Hollis noticed that neither of them had taken a step in the necessary direction to verify that the bear had indeed discovered what they thought it had. Reminding herself that she was a more experienced agent than Diana and therefore the de facto lead investigator between the two of them, she moved around the brush that had sheltered them and made her way carefully to the spot yards away.

Diana silently accompanied her, both of them wary, both keeping one hand on their weapon until they had to pull aside a tangle of brown vines in order to see what they suspected.

The bear had discovered human remains.

The women took a step back and looked at each other. Hollis had no idea whether her own face was as pale as Diana’s but thought it very likely.
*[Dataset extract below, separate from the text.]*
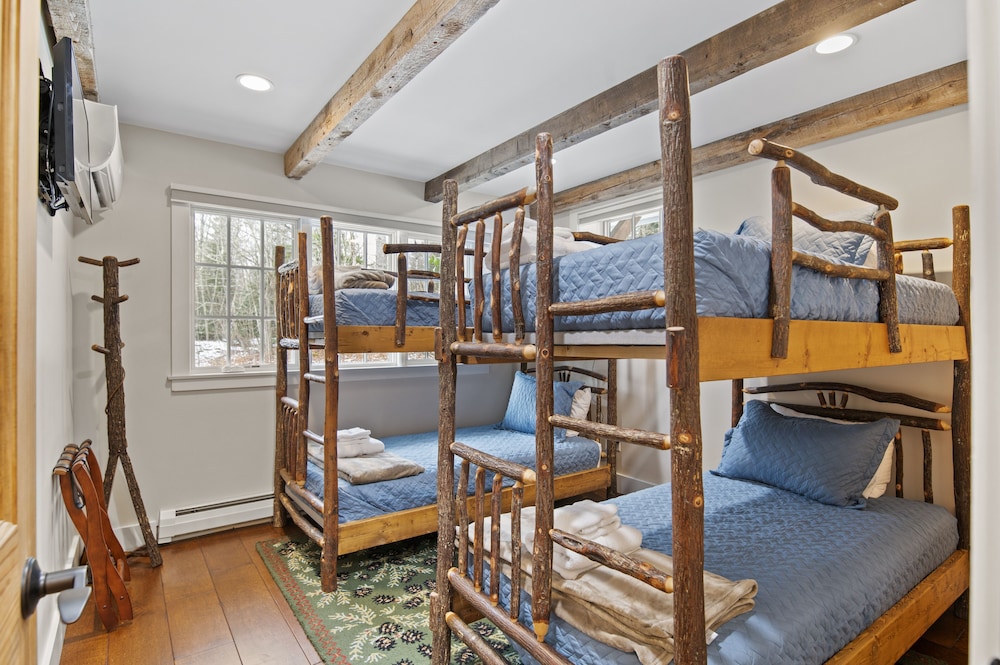 Brook Bound Inn - photo 16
No matter how many times she’d been forced to view human remains after a violent end, it didn’t get any easier.

Probably a good thing, that
.

And she didn’t know which was worse—finding fresh remains or those that had lain out in the elements long enough to have gone through several stages of decomposition, as this one had.

The smell made her stomach churn.

Diana said, “That was some hunch you had. To leave the trail and head in this direction. To come this far. Because otherwise…”
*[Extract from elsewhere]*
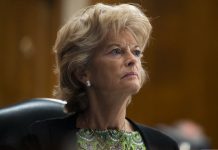 Lisa Murkowski, la primera senadora republicana que pide la dimisión de Trump Lisa Murkowski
“Otherwise,” Hollis finished, “I doubt anybody would have stumbled onto this body. Recognize the vines?”

“Kudzu. This patch starts farther down the slope. The stuff covers and smothers everything in its path.”

Hollis nodded. “It dries up in winter but comes back stronger than ever in spring and summer. The vines can grow several feet in a single day.” She paused, forcing herself to look down at what was left of, she believed, a woman’s body. “It sure as hell would have hidden her from everything except some predators and small animals.”

“Which raises the question: Is she here by accident or design?”

“Yeah. If she wound up here accidentally, it probably won’t tell us much. But if she was left here deliberately…”

“Then this body, unlike the one by that popular hiking trail, was never meant to be found.”

“That would be my guess. Whether the same killer is responsible is another question entirely.”

Brows raised, Diana said, “I know I’m still pretty new to all this investigative stuff, but isn’t it stretching things a bit to assume there’s a second killer operating at the same time in such a remote area?”